In den letzten zwei, drei Jahren waren extremen Turbulenzen und Verwerfungen an den Finanzmärkten zu beobachten. Sie haben uns vor Augen geführt, wie wichtig Risikomanagement für den Investmentprozess ist. Die Finanzkrise hebt dabei mehrere Schlüsselthemen hervor.

Das erste ist die Rolle der Liquidität. Investoren haben immer auf Liquidität geachtet, aber die Krise hat gezeigt, dass sie noch viel entscheidender ist, als man es sich davor vorstellte. Liquidität ist überlebensnotwendig, um finanziellen Verpflichtungen nachkommen zu können.

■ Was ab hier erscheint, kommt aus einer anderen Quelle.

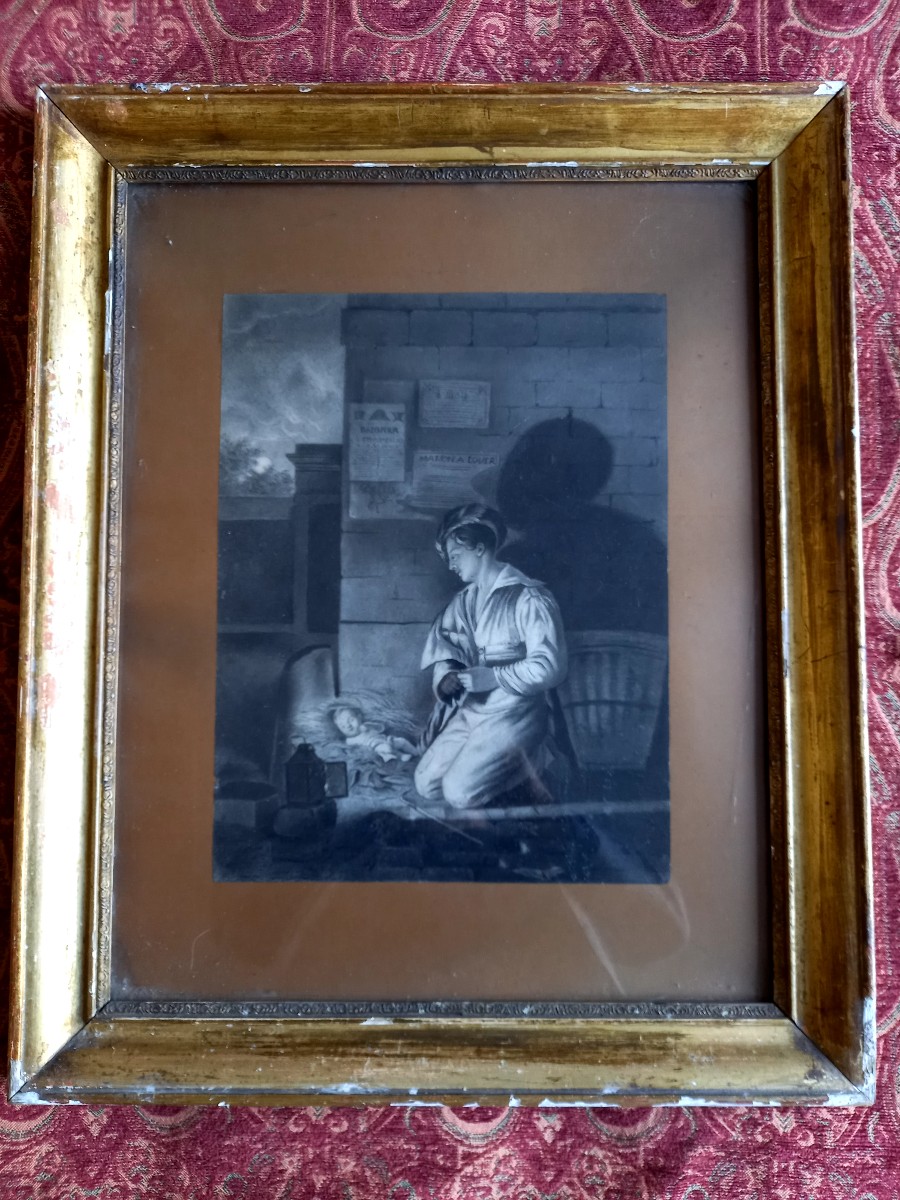 Dessin romantique XIXe,  Scène de misère ou scène de théâtre ?-photo-2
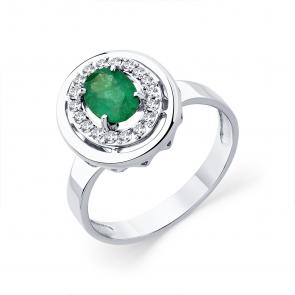Кольцо из белого золота Мастер Бриллиант с бриллиантом и изумрудом 05M1-209191-00-01 фото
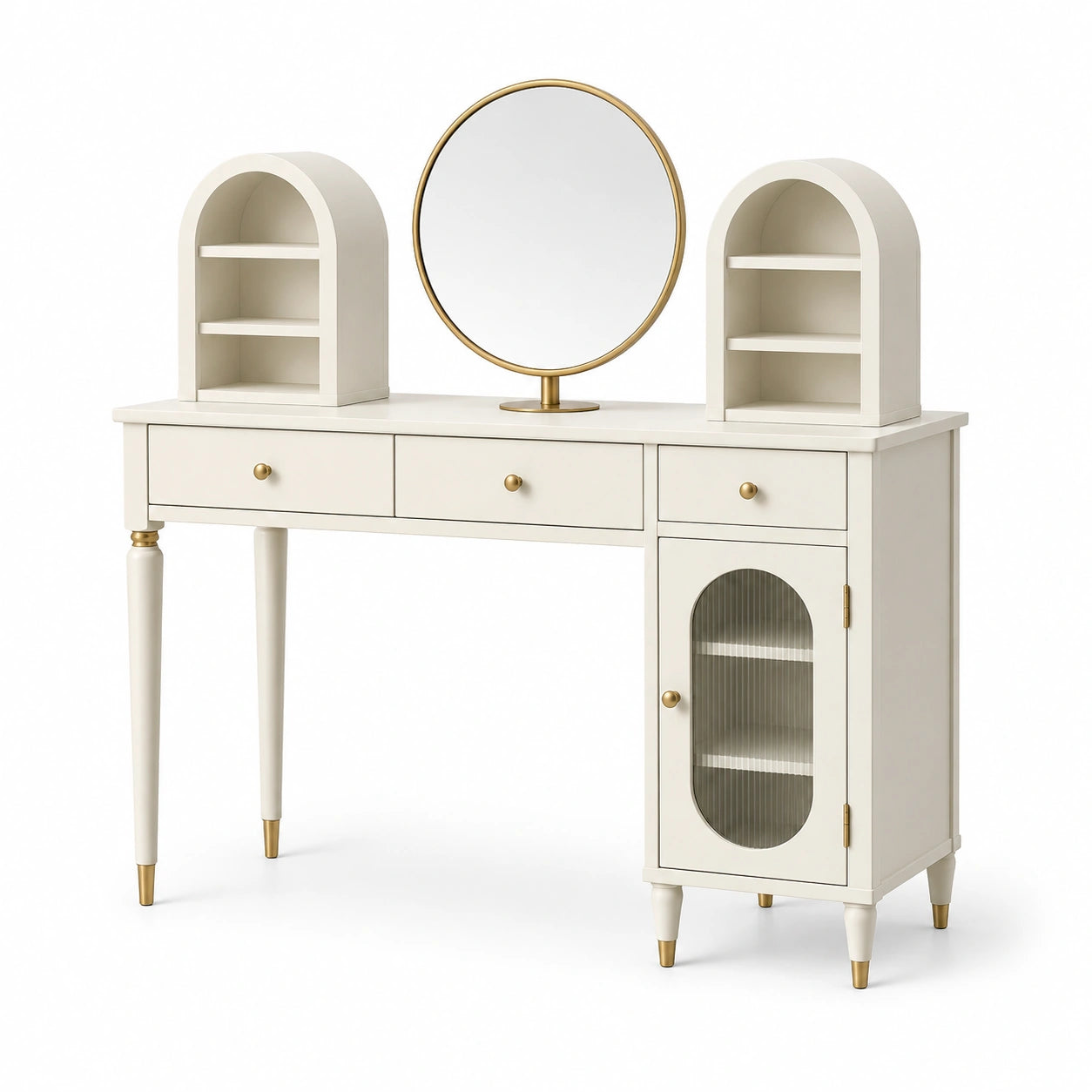 Schminktisch mit Spiegel und Stauraum, Beige, Holz, 120x40x140 cm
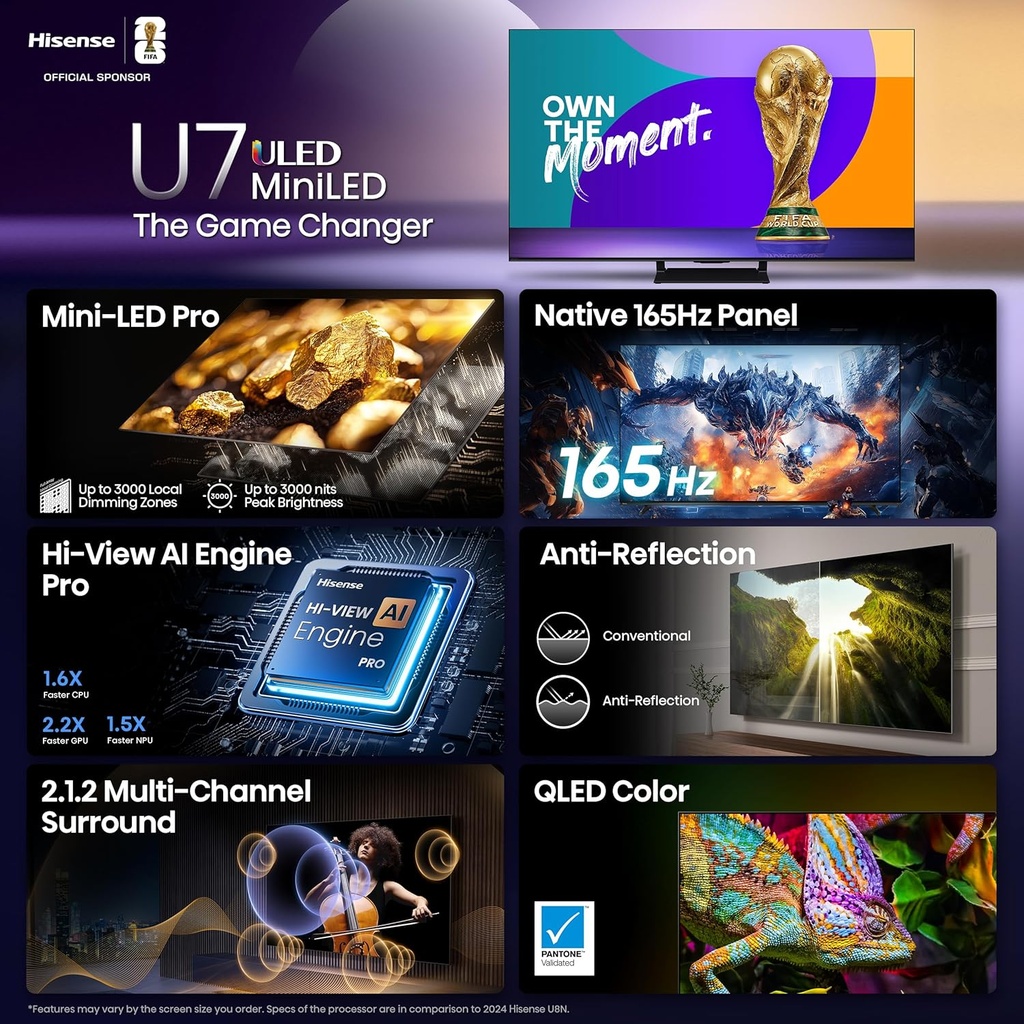 Hisens smart tv 55" 4k miniLED 165HZ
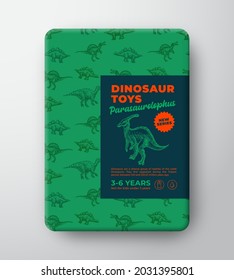 Dinosaur Toys Label Template. Abstract Vector Packaging Design Layout. Hand Drawn Parasaurolophus Sketch with Ancient Reptile Craetures Pattern Background and Realistic Shadows. Isolated.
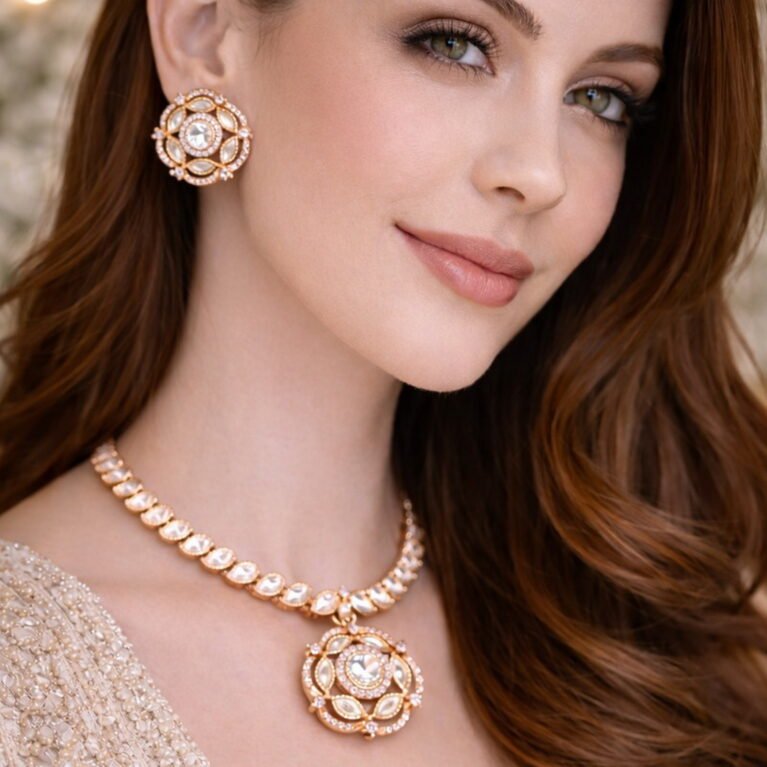 Gold-Plated Kundan Jewellery Set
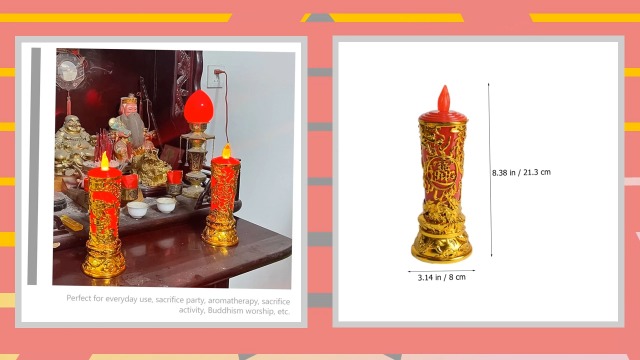 Image of 1pair Led Electronic Candle Lights for Home Decor Flameless Pillar Candles with Chinese Style Design for Buddhism Worship Sacrifice Events and Daily Use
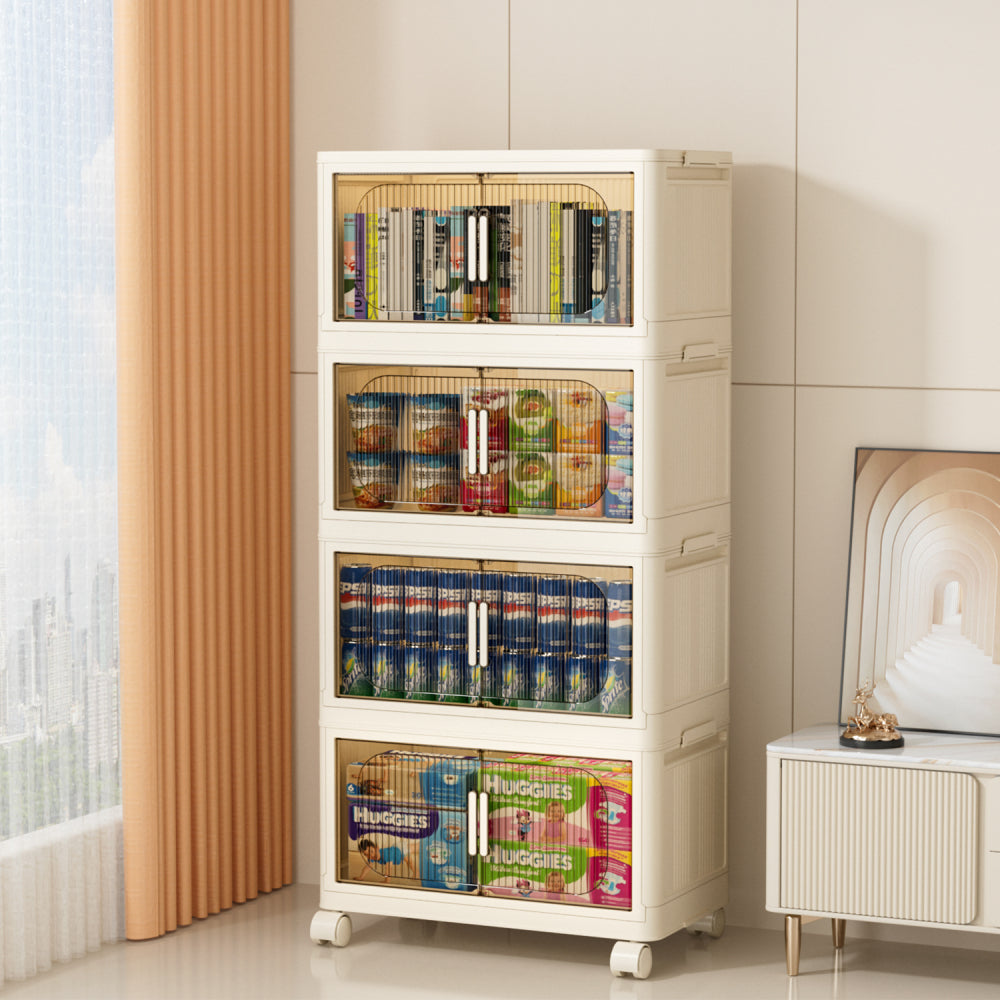 19.69" Side Wide Folding Storage Cabinet ,3 Tiers,19.69"×11.81"×31.1",Collapsible Storage Bins with Magnetic Door, Plastic Storage Cabinet with Wheels, Closet organizers and Storage Containers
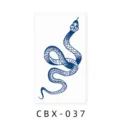 Herbal semi-permanent tattoo sticker featuring a blue snake design, waterproof and long-lasting. - CBX-037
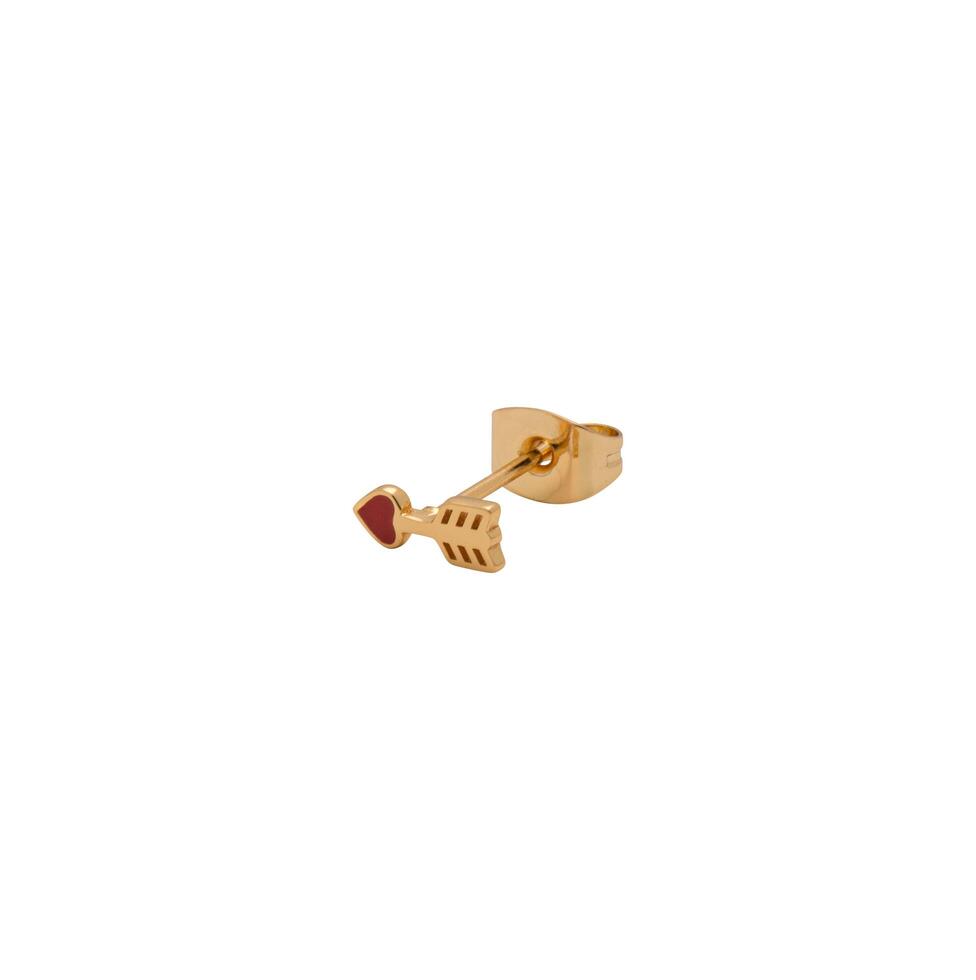 Golden stud earring featuring a heart tipped arrow valentine jewelry photo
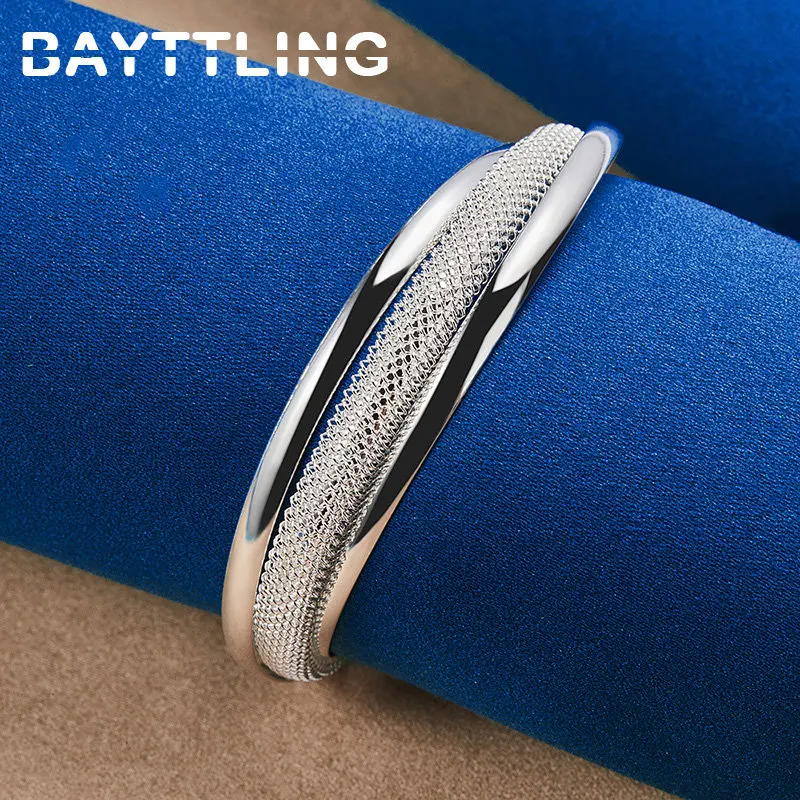 Fashion 925 Sterling Silver 55MM Exquisite Bevel Bracelet Bangle For Wedding Engagement Gifts Accessories Women's Jewelry Party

Zweitens, quantitative Modelle sind in unserer Branche allgegenwärtig und können dabei helfen, Investmentstrategien und –ergebnisse stark zu verbessern. Es sind aber nur Modelle – und sie basieren auf Annahmen. Die letzten Jahre haben zahlreiche Beispiele dafür geliefert, wie diese Annahmen verletzt werden können. Daher sollte man sehr umsichtig damit umgehen und vor allem ein gutes Verständnis für diese Annahmen entwickeln.

Der dritte Punkt bezieht sich auf das Thema Datenqualität und –integrität. Die Krise hat gezeigt, dass man Ressourcen dafür einsetzen sollte, um Daten besser zu verstehen, zu bewerten und deren Qualität zu kontrollieren.

Ein aktuell viel diskutiertes Thema sind politische Risiken. Wir haben früher dazu geneigt, diese vor allem im Zusammenhang mit Schwellen- und Entwicklungsländern zu sehen. Die Ereignisse in letzter Zeit zeigen aber, dass auch politische Entscheidungen, die in wichtigen Finanzzentren und Hauptstädten getroffen werden, zu starken Bewegungen auf den Finanzmärkten führen können.

Was bedeutet das für das Risikomanagement in der Investmentbranche?

Für Vermögensverwalter sollte eine langfristige Verpflichtung zu gutem Risikomanagement ein Kernthema sein, auch in Bezug auf die (Personal)ausstattung und die Firmenkultur. Konzepte, Ideen und Bedeutung der Risikosteuerung sollten bei Anlageentscheidungen eine zentrale Rolle spielen.

Risiko wird oft mit Volatilität gleichgesetzt.

Das stimmt. Dabei gibt es weitere Arten von Risiken, z.B. die Bewertung: Wenn sich Kurse sehr stark verändern, wenn die Bewertungen in die eine oder andere Richtung sehr stark strapaziert werden, kann dies zu stark asymmetrischen Risiken führen. Daher ist es von großer Bedeutung, die Bewertung eines Wertpapiers zu verstehen.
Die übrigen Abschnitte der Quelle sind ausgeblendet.